Entscheidungsstichwort (Thema)

Anwaltssoftware im elektronischen Rechtsverkehr

 

Leitsatz (amtlich)

1. Die Verwendung einer Software für Rechtsanwaltskanzleien, bei der die Gerichtsadressen und Gerichtsdaten hinterlegt sind und die automatisch durch Anklicken der Auswahloption "erste Instanz" bzw. "zweite Instanz" den Empfänger im elektronischen Rechtsverkehr bestimmt, rechtfertigt ohne Weiteres keine Wiedereinsetzung in eine Versäumung der Berufungsbegründungsfrist, die durch das versehentliche Anklicken der Auswahloption "erste Instanz" eingetreten ist.
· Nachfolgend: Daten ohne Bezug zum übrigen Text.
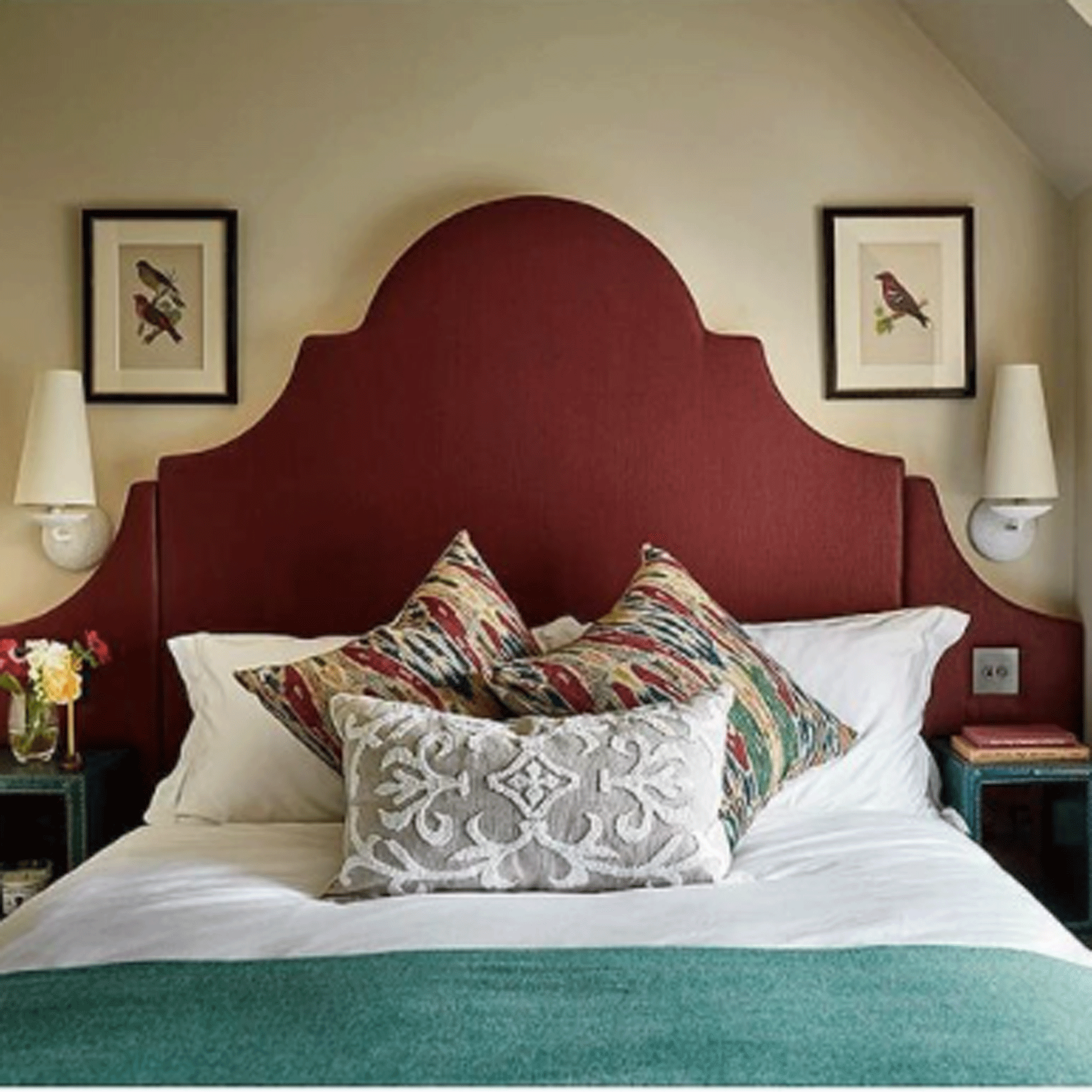 Bedroom with red headboard and teal throw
2. Erstellt der Rechtsanwalt den fristwahrenden Schriftsatz unter eigener Einfügung der korrekten Adresse des Empfangsgerichts, schließt und authentifiziert er diesen Schriftsatz in elektronischer Form mit seiner qualifizierten elektronischen Signatur, "gibt" er ihn sodann seiner Kanzleimitarbeiterin zum Versand per besonderem elektronischen Anwaltsfach (beA), so entspricht deren manuelle Auswahl "I. Instanz" oder "II. Instanz" im Menü der Anwaltssoftware der Auswahl der Faxnummer zur Versendung eines fristgebundenen Schriftsatzes per Fax; die Sorgfaltsanforderungen gelten entsprechend.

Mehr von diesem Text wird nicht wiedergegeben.